Start of Exercise data

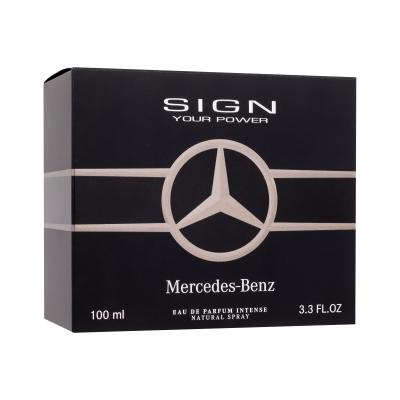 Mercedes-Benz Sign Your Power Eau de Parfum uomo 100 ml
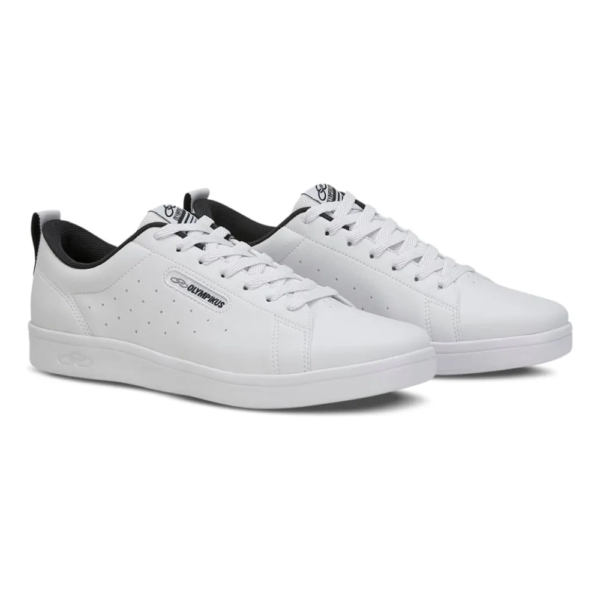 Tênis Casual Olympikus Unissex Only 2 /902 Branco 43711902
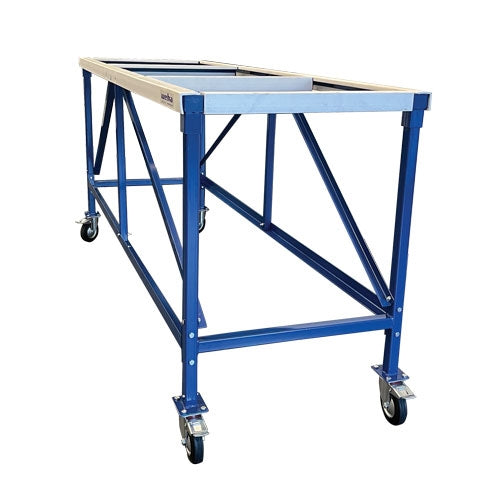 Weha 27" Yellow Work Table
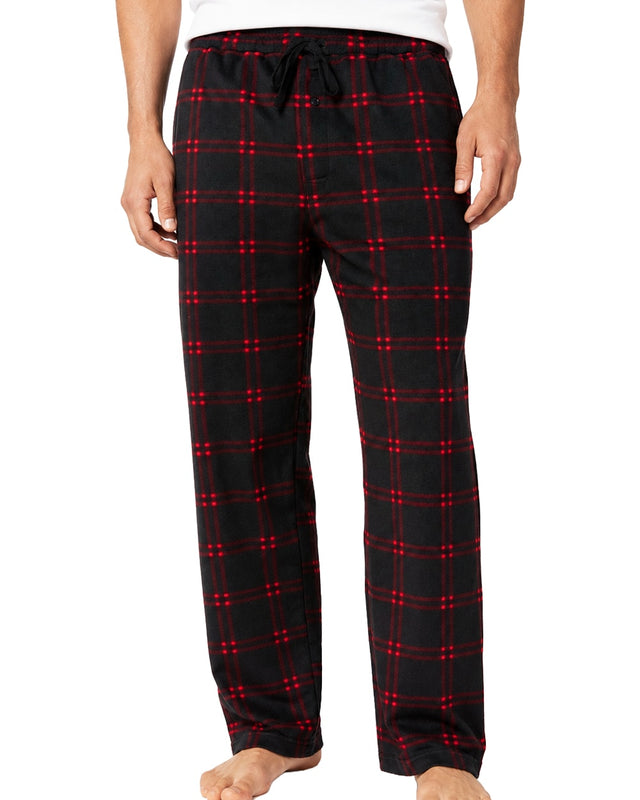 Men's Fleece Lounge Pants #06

End of Exercise data

■ Prompt
Starting at the line that contains "Tênis Casual Olympikus" and ending at the final line of the data, reproduce each line exactly. Pictures stay out of the copy.

■ Reply to the task
 Tênis Casual Olympikus Unissex Only 2 /902 Branco 43711902
 Weha 27" Yellow Work Table
 Men's Fleece Lounge Pants #06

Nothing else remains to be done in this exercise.